(Collection entries)
● ● ●

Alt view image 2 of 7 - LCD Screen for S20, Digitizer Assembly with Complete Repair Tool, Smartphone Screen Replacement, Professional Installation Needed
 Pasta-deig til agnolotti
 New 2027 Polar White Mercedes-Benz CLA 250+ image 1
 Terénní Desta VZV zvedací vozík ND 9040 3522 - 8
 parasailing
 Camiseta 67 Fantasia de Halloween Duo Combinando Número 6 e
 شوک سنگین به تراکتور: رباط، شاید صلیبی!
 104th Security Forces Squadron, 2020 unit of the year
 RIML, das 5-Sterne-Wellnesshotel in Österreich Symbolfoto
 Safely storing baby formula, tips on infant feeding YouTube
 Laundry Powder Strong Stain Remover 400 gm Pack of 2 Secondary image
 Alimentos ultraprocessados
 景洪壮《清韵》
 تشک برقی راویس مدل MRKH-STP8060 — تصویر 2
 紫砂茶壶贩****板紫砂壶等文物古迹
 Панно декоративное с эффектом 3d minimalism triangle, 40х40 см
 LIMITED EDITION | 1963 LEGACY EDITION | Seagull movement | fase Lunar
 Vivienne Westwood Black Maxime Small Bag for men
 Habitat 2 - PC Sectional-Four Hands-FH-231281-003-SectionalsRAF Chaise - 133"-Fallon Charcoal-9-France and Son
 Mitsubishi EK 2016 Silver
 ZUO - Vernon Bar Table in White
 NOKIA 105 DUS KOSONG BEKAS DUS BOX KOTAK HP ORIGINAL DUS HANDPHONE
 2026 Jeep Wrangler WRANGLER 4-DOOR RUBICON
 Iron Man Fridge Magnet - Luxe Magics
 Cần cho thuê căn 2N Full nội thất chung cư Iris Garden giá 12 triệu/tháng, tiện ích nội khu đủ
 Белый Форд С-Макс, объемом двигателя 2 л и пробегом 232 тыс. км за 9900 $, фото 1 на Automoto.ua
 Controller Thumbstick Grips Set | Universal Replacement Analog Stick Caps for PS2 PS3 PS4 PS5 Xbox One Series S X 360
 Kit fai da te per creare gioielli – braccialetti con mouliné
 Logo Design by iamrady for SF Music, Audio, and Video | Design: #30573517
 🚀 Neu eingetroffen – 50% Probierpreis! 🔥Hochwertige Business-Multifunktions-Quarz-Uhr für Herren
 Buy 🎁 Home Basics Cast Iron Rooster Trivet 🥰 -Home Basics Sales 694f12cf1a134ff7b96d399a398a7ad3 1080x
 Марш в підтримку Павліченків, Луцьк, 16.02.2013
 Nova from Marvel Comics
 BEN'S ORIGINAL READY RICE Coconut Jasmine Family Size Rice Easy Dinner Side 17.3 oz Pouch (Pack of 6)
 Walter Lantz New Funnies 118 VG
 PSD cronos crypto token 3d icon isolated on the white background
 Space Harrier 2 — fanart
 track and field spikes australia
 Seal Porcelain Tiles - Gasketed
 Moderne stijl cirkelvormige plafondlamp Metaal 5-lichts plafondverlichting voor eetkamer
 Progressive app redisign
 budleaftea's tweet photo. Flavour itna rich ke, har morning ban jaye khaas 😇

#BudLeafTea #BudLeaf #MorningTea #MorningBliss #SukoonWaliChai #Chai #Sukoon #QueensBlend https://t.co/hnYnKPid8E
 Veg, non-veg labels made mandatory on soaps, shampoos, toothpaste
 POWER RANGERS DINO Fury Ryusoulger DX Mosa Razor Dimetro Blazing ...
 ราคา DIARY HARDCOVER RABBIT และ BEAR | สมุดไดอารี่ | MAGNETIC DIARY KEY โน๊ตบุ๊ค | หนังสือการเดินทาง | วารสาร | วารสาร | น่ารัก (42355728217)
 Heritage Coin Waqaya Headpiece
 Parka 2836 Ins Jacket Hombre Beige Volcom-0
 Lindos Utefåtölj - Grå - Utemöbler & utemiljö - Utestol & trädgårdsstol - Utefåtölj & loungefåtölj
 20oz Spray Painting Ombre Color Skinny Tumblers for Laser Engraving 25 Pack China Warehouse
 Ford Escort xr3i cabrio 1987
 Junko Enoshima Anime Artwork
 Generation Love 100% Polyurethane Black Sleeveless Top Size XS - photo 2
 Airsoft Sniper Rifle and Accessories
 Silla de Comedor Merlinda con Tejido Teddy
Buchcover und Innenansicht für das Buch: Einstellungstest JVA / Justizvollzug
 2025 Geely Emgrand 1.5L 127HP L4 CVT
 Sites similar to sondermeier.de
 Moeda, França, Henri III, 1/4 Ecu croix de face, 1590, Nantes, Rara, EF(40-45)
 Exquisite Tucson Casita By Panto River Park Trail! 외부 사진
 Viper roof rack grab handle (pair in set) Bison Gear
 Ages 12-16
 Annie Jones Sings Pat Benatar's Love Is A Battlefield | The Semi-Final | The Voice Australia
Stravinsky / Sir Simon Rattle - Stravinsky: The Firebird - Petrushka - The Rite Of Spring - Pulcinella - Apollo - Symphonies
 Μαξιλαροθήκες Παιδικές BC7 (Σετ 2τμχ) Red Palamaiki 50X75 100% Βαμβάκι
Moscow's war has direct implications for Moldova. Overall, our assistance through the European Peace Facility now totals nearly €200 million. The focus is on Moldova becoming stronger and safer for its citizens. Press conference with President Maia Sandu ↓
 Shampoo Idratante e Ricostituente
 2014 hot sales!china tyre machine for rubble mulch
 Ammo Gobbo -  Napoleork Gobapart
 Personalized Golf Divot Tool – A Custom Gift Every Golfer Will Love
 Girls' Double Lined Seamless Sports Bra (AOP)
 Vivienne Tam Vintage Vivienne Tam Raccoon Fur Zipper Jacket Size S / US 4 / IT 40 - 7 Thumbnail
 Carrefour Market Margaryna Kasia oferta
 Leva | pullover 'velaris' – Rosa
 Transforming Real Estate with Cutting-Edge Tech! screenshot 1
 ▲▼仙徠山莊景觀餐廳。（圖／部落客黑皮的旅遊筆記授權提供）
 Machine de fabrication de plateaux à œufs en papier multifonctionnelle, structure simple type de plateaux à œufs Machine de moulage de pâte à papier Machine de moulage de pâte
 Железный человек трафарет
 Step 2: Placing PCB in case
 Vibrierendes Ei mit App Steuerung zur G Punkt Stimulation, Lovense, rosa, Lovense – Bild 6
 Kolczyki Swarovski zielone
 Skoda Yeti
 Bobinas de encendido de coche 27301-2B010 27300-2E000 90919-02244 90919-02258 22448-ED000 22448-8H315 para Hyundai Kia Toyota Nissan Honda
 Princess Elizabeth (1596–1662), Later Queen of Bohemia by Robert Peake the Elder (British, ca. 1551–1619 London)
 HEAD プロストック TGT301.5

● ● ●

**WHAT YOU NEED TO DO**
Copy, exactly and only, the lines above that begin with the one containing "104th Security Forces" and finish with the one containing "紫砂茶壶贩****板紫砂壶等文物古迹".

**PROBLEM SOLUTION**
 104th Security Forces Squadron, 2020 unit of the year
 RIML, das 5-Sterne-Wellnesshotel in Österreich Symbolfoto
 Safely storing baby formula, tips on infant feeding YouTube
 Laundry Powder Strong Stain Remover 400 gm Pack of 2 Secondary image
 Alimentos ultraprocessados
 景洪壮《清韵》
 تشک برقی راویس مدل MRKH-STP8060 — تصویر 2
 紫砂茶壶贩****板紫砂壶等文物古迹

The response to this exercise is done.